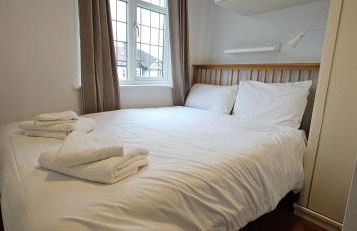 Spacious Home Near Wembley, Free Parking, Close to Tube, Garden - Photo 4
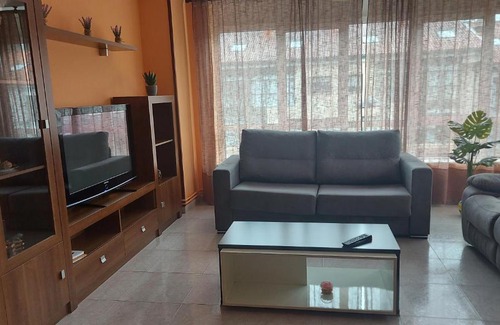 O Pedrouzo Apartment | Family-Friendly Stay at Apartamento Cefas - 9.3/10 Guest Rated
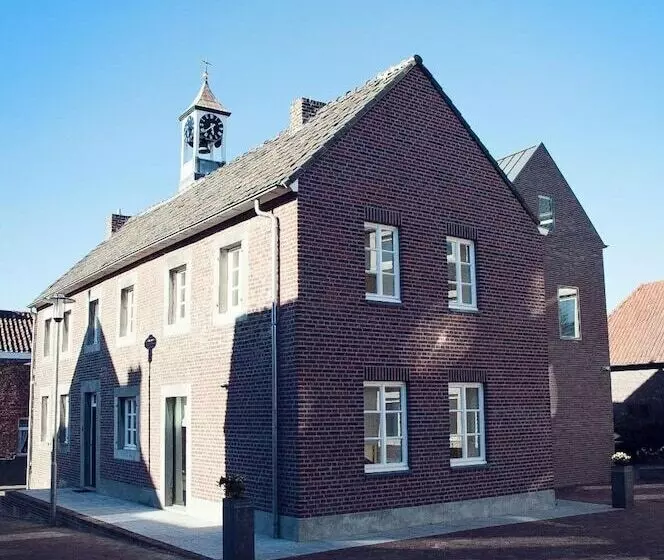 ホテル Maison Village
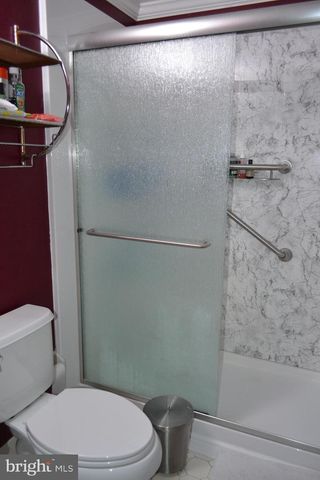 2220 BALDWIN RUN DR, Aston, PA 19014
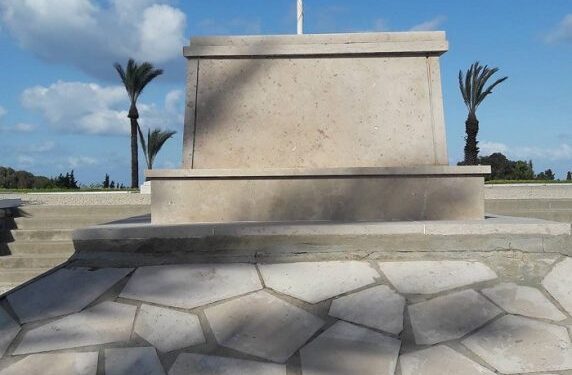 Pour l'Armistice, illumination des tombes &agrave; la N&eacute;cropole de Gammarth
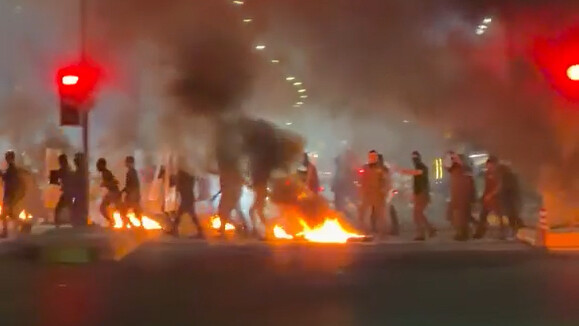 عشرات الجرحى من الأمن والمتظاهرين حصيلة احتجاجات الكهرباء في الكوت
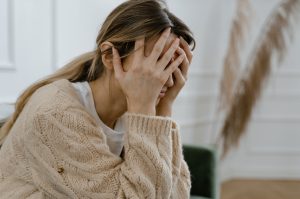 Κάθε Σκέψη Είναι Τρένο. Γιατί Ανεβαίνεις Σε Όλα; Η Υπερανάλυση Έχει Τίμημα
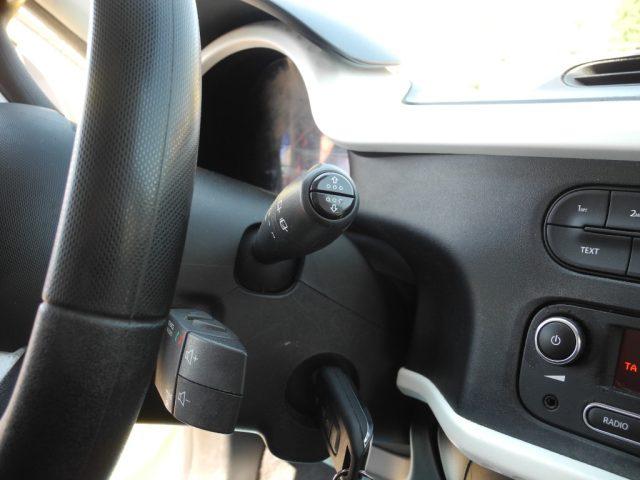 RENAULT Twingo 1.0 SCe Zen 5p. - OK NEOPATENTATI - "DA VETRINA"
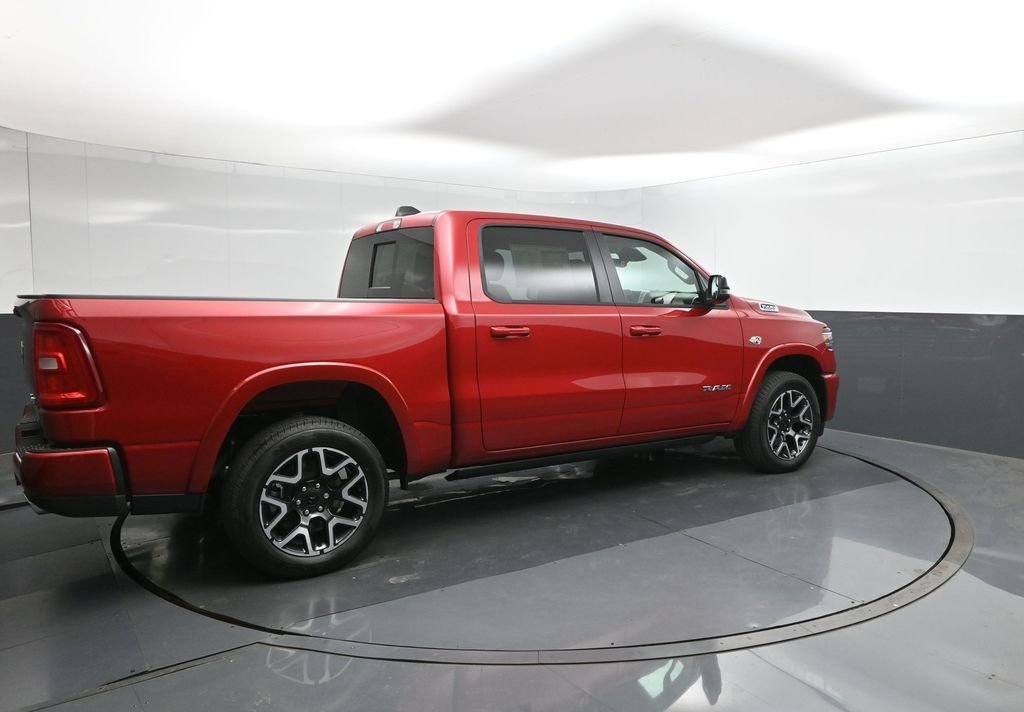 New 2026 Molten Red Pearl-Coat Exterior Paint RAM Laramie image 15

● ● ● ● ●

### [The problem]
Reproduce the listing verbatim, and keep the pictures out of the copy.

### [Solution]
 Spacious Home Near Wembley, Free Parking, Close to Tube, Garden - Photo 4
 O Pedrouzo Apartment | Family-Friendly Stay at Apartamento Cefas - 9.3/10 Guest Rated
 ホテル Maison Village
 2220 BALDWIN RUN DR, Aston, PA 19014
 Pour l'Armistice, illumination des tombes &agrave; la N&eacute;cropole de Gammarth
 عشرات الجرحى من الأمن والمتظاهرين حصيلة احتجاجات الكهرباء في الكوت
 Κάθε Σκέψη Είναι Τρένο. Γιατί Ανεβαίνεις Σε Όλα; Η Υπερανάλυση Έχει Τίμημα
 RENAULT Twingo 1.0 SCe Zen 5p. - OK NEOPATENTATI - "DA VETRINA"
 New 2026 Molten Red Pearl-Coat Exterior Paint RAM Laramie image 15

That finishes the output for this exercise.